There has been a lot of talk lately about if the Federal Reserve will continue to raise the Federal Funds Rate, which is used as the base for all short-term interest rates. The Federal Reserve (Fed), raised rates when they met back in December. This was significant because the Federal Funds Rate (FFR) has been at almost zero for nearly a decade.
The FFR was dropped from 5.26% in July of 2007, to .15% in January of 2009. Because the FFR is the base for every other short-term interest rate, this meant that interest rates on car loans, credit cards, student loans, etc. went down. This drop, and the fact that the Fed can drop or raise interest rates on demand, may lead many to ask what purpose these actions may serve. Why would the Fed raise interest rates in the first place and why would they drop them at the beginning of the Great Recession?
First, we need to recognize that the FFR is one of the Fed’s most effective tools for monetary policy. Chiefly, the FFR gives the Fed a way to combat, or increase, inflation. Currently, the Fed has a target inflation of 2%, serving as an incentive to get people to purchase something today instead of tomorrow. For instance, why buy a $1,000 computer today? Well if you know that due to inflation, the price will by $1,002 next year then you will buy it today instead of waiting. The higher the price of a thing the more you save; but nevertheless, a moderate amount of inflation stimulates consumer spending.
Now that we know that a limited amount of inflation is beneficiary to the economy as a whole, we can understand how the Fed uses the FFR to manipulate inflation. Low interest rates, which are produced by a low FFR, incentivize both people and businesses to purchase things. If people begin to purchase more than is in supply, the price of a good goes up, inflation. However, if the Fed raises the FFR this can keep inflation down because people purchase fewer things and borrow less money.
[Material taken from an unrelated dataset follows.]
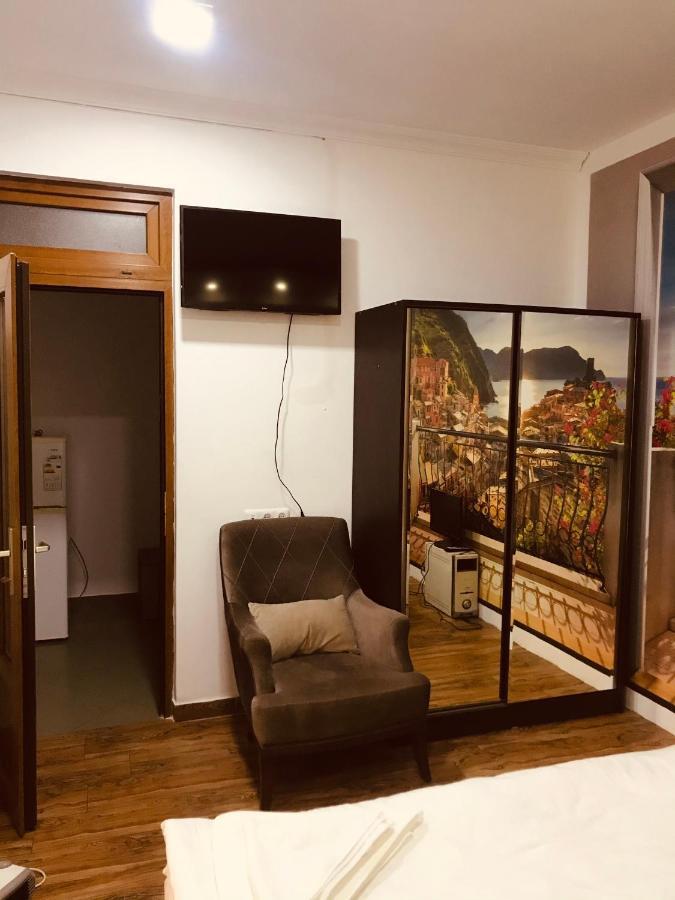 Studio Apartment Near Republic Square Yerevan Exterior photo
This also leads into another question; why would the Fed lower interest rates at the beginning of the Great Recession? This is a fairly simple question to answer actually. One of the basic assumptions within Economics is that a decrease in interest rates will lead to an increase in investment spending. An increase in investment spending helps businesses to create jobs and alleviate economic distress. Also, a decrease in interest rates leads to an increase in consumer spending because this would mean that interest rates for cars, homes, etc. are lower. To wrap it all up, the Fed decreased rates in 2009 in order to increase investment and consumer spending, stimulating a troubled economy.
Now, eight years later we have recovered from the Great Recession and face a different dilemma. In the United States, we average a recession every seven years and lowering interest rates is one major way we battle recessions. Again, we are eight years removed from the Great Recession; however, the current FFR is between .5% and .75%. This is concerning because we are overdue for another recession, and if one were to come soon, we would be without one of our major weapons to fight it.
This is why there has been an overwhelming desire from some for the Fed to increase interest rates aggressively this year. While most aren’t anticipating for a raise in March when the Fed meets, many do believe we will see a raise in the summer. Whatever the outcome of the Federal Reserve meeting in March, we should all hope that the Fed begins to raise the FFR soon.